Death of the Liberal Class - Chris Hedges [59]
In the wake of the witch hunts, networks such as CBS forced employees to sign loyalty oaths. Walt Disney and Ronald Reagan, president of the Screen Actors Guild, cooperated in hounding out artists deemed disloyal. Those who refused to cooperate with the witch hunts or who openly defied HUAC instantly became nonpersons. One such resister was Paul Robeson, who went before the committee in June 1956. A celebrated singer and actor, Robeson, who was a communist sympathizer and vocal supporter of civil rights, was banned from commercial radio and television. He would end his life in obscurity.
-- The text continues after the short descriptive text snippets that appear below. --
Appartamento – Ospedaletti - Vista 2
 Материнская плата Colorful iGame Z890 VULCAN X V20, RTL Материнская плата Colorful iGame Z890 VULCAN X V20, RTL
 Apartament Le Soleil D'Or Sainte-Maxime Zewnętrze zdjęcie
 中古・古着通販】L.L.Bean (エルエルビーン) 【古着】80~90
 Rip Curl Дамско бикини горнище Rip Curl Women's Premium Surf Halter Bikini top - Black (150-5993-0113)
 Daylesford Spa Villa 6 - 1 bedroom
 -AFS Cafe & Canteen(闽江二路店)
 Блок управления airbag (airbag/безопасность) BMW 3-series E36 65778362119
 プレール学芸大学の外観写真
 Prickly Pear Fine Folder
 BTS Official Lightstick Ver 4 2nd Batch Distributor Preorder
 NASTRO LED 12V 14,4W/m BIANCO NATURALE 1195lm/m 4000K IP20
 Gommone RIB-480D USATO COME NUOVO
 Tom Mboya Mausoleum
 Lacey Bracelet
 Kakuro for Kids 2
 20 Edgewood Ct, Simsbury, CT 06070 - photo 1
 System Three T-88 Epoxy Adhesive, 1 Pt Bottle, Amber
Although an African American, he encountered obstacles to performing afterward in black churches. Established liberal institutions, including the NAACP, the American Civil Liberties Union (where ACLU cocounsel Morris Ernst worked closely with FBI Director J. Edgar Hoover), Americans for Democratic Action, the American Association of University Professors, and the American Committee for Cultural Freedom either were silent or collaborated in the banishment of artists, teachers, writers, performers, scientists, and government officials.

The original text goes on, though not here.